By Tanya Roth, Esq. | Last updated on

"**** Michael Powell, let him sue us." That little pronouncement by a Home Depot executive upset a federal judge and did not please a jury either. This week, that federal jury awarded the same Mr. Powell nearly $25 million dollars in punitive damages, actual damages, attorney's fees and costs after the Home Depot corporation was found to have refused to pay Powell for the "Safe Hands" saw protection device he invented. According to the evidence at trial, Home Depot copied the device, refused to pay the inventor, and issued the aforementioned comment.

The Palm Beach Post reports that in 2004, Powell invented a device that would guard the fingers and possibly other appendages of Home Depot employees as they used the radial saw to cut wood for their customers. Powell offered his invention to Home Depot at an approximate cost of $2,000 per device. The bill would have come to $4 million dollars, significantly less than the costs of litigation and the judgment rendered this week.

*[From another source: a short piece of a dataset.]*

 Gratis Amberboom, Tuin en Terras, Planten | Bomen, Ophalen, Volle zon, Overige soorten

The Post writes that according to U.S. District Court Judge Daniel Hurley, the company refused to pay Powell and instead, had workers duplicate the saw guards Powell allowed them to test in eight stores in Georgia and California. In an additional cost/benefit analysis, the court noted that the year before the Safe Hands saw protection devices were installed, the Home Depot corporation paid out $1 million in claims related to injuries caused by the saw. In the year after the gadgets were installed, it paid out $7,000. As they say, it would have paid for itself.

However, the company instead "literally organized a theft of the Powell invention," said a deeply displeased Judge Hurley. The judge did not mince words, calling the company's actions "callous and arrogant."

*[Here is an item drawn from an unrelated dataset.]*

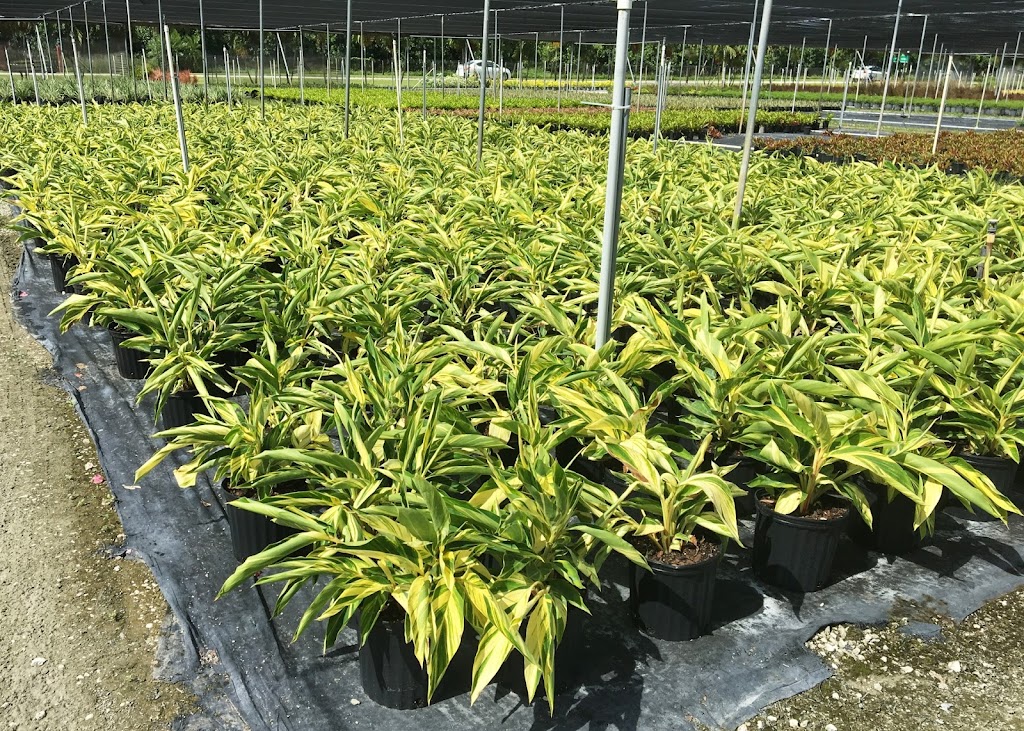 Eureka Farms Nursery | 16800 SW 184th St, Miami, FL 33187, USA | Phone: (305) 234-9588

Company attorneys declined to comment on the verdict. However, company spokesman Stephen Holmes issued an email statement. "We have a strong commitment to dealing with our business partners fairly and with integrity, which is how we've maintained long-standing relationships with literally tens of thousands of suppliers over the past 30-plus years. We would never condone actions that intentionally violate another company's intellectual property rights."

The company is considering an appeal. One could say this is a fine example of cutting off your nose to spite your face. Interest on the judgment will continue to accrue until the judgment is overturned, or payment is made.